É improvável que se diga – e se escute – que um dos objetivos das guerras e da produção de suprimentos para a violência armada, seja a movimentação da economia. Como finalidade torpe ou consequência evidente, contudo, o fato é que há uma indústria do sangue derramado que abastece os conflitos, estimulando o círculo vicioso de intolerâncias que culminam em crimes violentos, e justificativas as mais diversas para a deflagração ou continuidade das guerras. E essa indústria belicosa obteve um faturamento global recorde no último ano, segundo o Instituto Internacional de Pesquisa para a Paz (Sipri), de Estocolmo, na Suécia: 2,24 trilhões de dólares, ou cerca de 11 trilhões de reais, pelo câmbio atual.
Para se ter uma ideia da dimensão desses valores, o Produto Interno Bruto (PIB) de Pernambuco, no ano passado, foi de R$ 255 bilhões. O do Brasil não chegou a R$ 10 trilhões. Tudo que se produziu no país com 214 milhões de habitantes foi menor do que o valor movimentado pelo comércio mundial de armamentos. Vale frisar: o resultado financeiro de equipamentos, armas e munições para a violência e as guerras foi maior do que o PIB de uma nação do tamanho do Brasil. Não é pouca coisa. E enquanto cifra jamais antes alcançada, expressa uma trajetória de gastos que aponta para uma tendência de autodestruição, despontando nos últimos meses com o retorno de ameaças da Guerra Fria, na forma de testes e exercícios militares com bombas nucleares – de tecnologia muito mais avançada que aquelas que caíram sobre o Japão, há quase 80 anos.

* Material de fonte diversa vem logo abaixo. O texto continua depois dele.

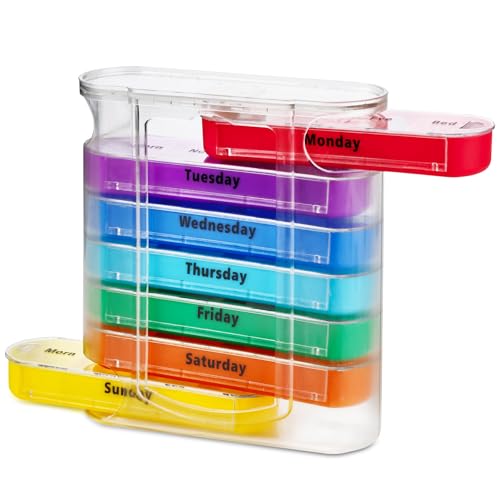Weekly Pill Organizer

O desenvolvimento tecnológico de mísseis, bombas e artefatos de aniquilação é um capítulo hediondo da história humana, em pleno curso. O pior é saber que não faltam compradores, nem quem se disponha a utilizar as armas para dar vazão à produção. Apesar de ter tido um aumento de 640% nos gastos militares, a Ucrânia, palco da invasão da Rússia, não figura nem entre os dez países no topo da lista. Além da Rússia, a Europa elevou os gastos, no maior crescimento das últimas décadas, com os membros da Comunidade Europeia preocupados com a avanço dos russos, e fornecendo armas para os ucranianos. Mas a maior parte continua com os Estados Unidos, responsável por 40% de todas as transferências de armas e munições no planeta.
É possível que os números levantados pelo Sipri sejam menores do que a realidade, uma vez que as despesas com armamentos podem não vir inteiramente à tona, sobretudo por governos fechados como os da China e da Rússia. Mesmo assim, os valores disponíveis indicam a espiral da insanidade em que a humanidade parece ter despencado. Quando sabemos as dificuldades que populações no mundo inteiro passam para conseguir se alimentar, se abrigar, dispor de água, saúde e educação diariamente, a soma das despesas com o derramamento de sangue surge como o cúmulo da incoerência da espécie dominante sobre o planeta, e que se define como a única inteligente.